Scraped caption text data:
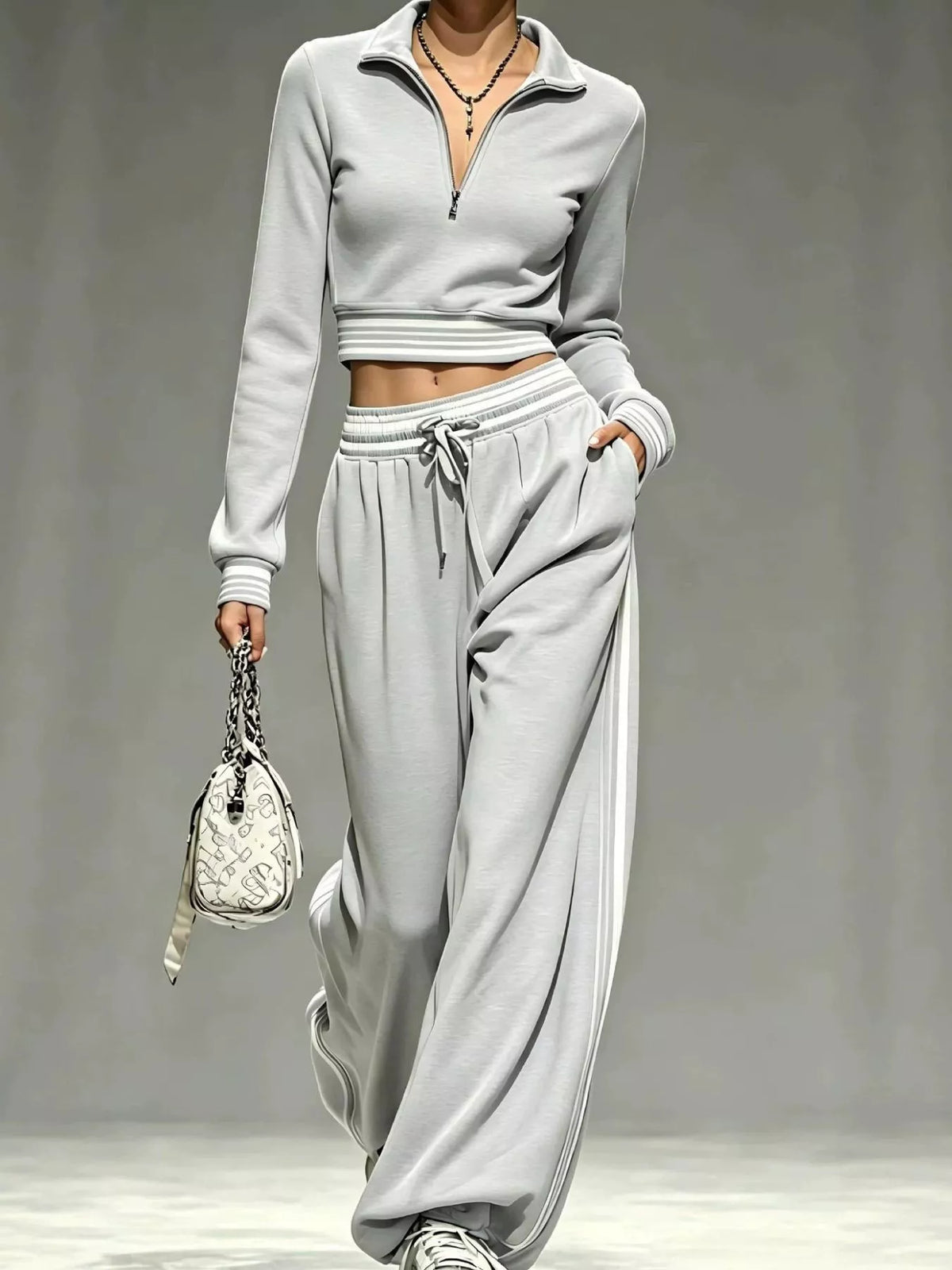 Full Size Half Zip Cropped Top and Pants Set Plus Size - Light Gray - View 1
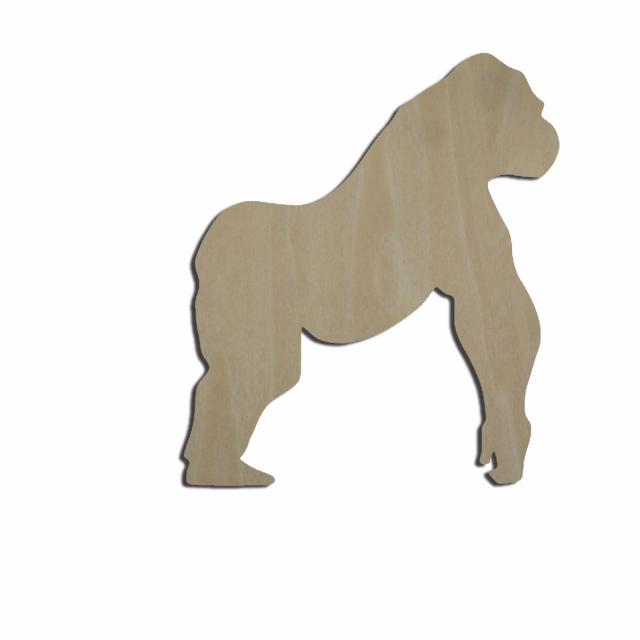 Escultura de Madeira em Branco para DIY: Gorila em Pé para Scrapbooking e Artesanato Artesanal
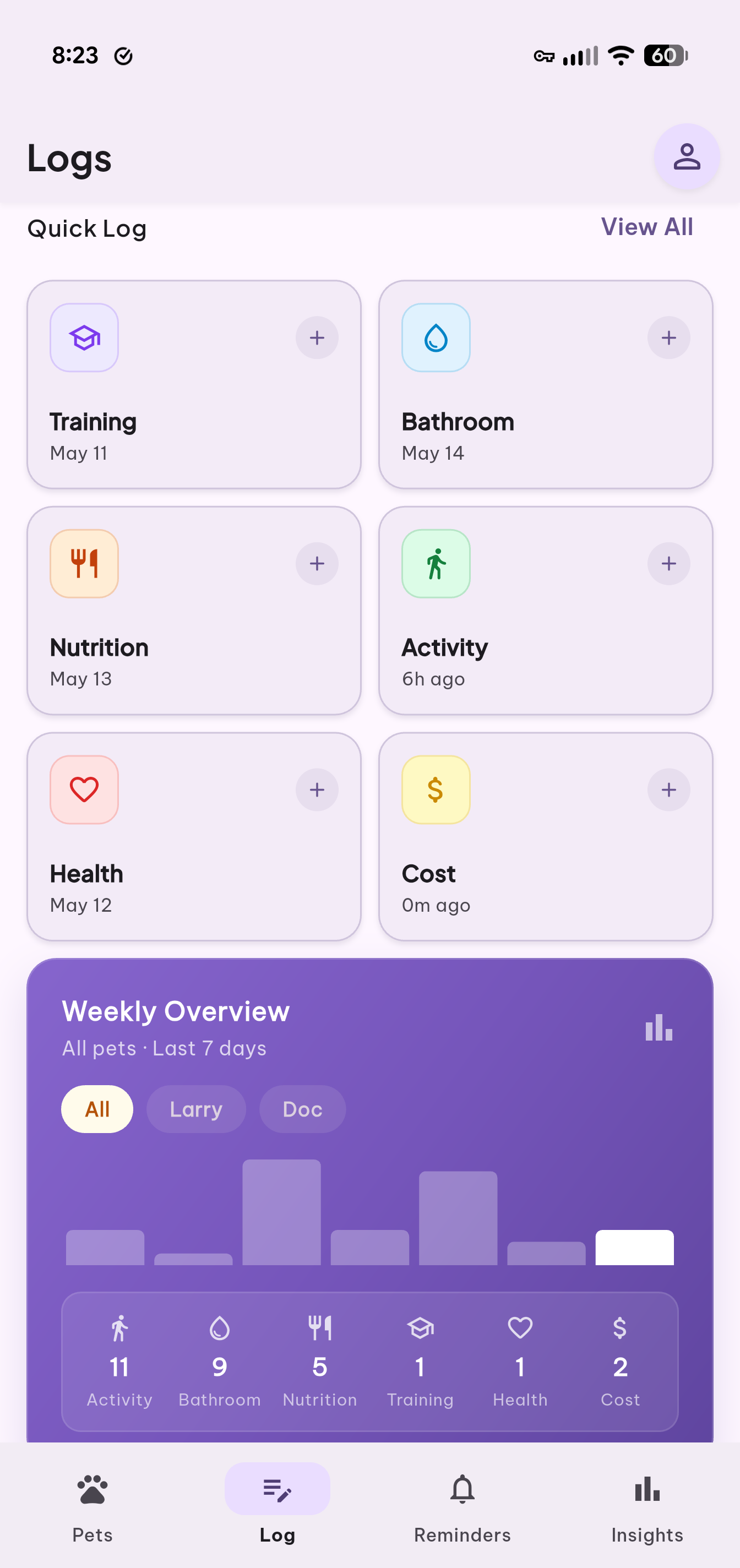 PawTally logs screen showing quick logging and weekly overview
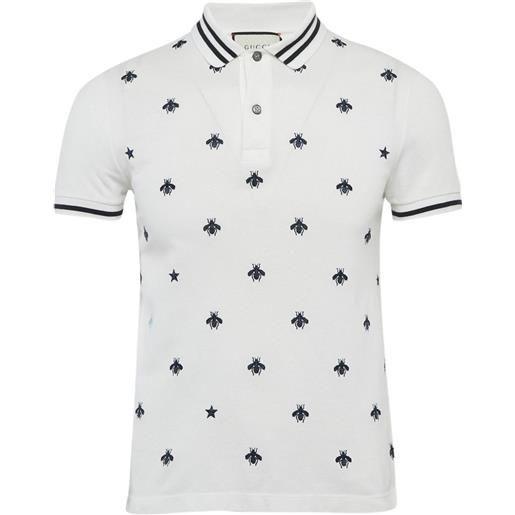 Gucci Pre-Owned - polo con stampa - uomo - cotone - xs - bianco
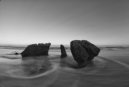 black and white seascape photography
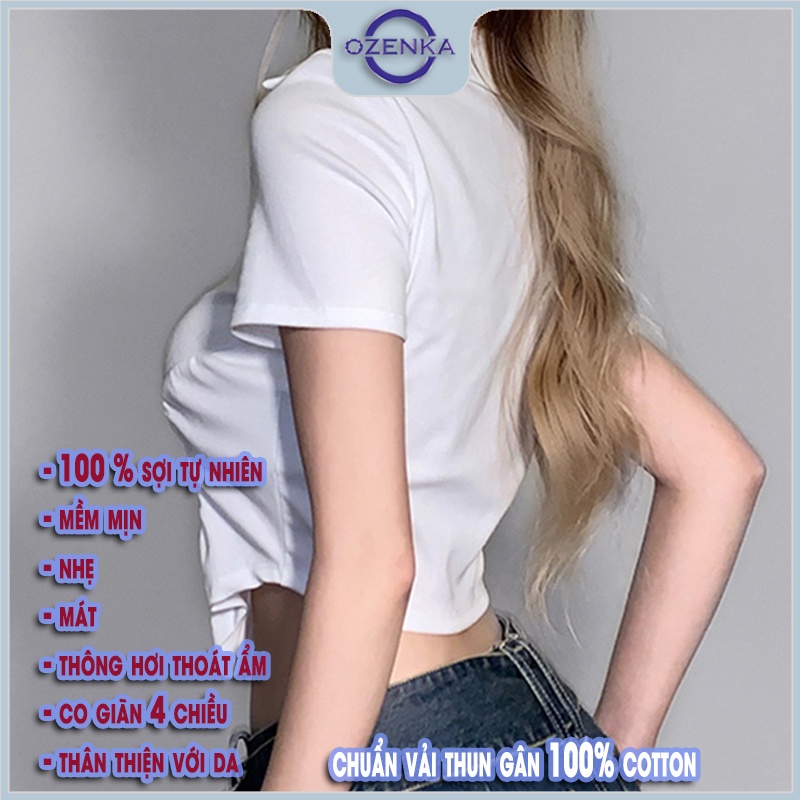 Áo croptop kiểu ôm vạt bầu cài khuy cổ bẻ nữ OZENKA cộc tay vài thun cotton 100% màu đen trắng size dưới 55 kg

## What to do
Starting at the line that holds "PawTally logs screen", print each line through the last one of the entries above, exactly and with both ends included; no pictures.

## Solution
 PawTally logs screen showing quick logging and weekly overview
 Gucci Pre-Owned - polo con stampa - uomo - cotone - xs - bianco
 black and white seascape photography
 Áo croptop kiểu ôm vạt bầu cài khuy cổ bẻ nữ OZENKA cộc tay vài thun cotton 100% màu đen trắng size dưới 55 kg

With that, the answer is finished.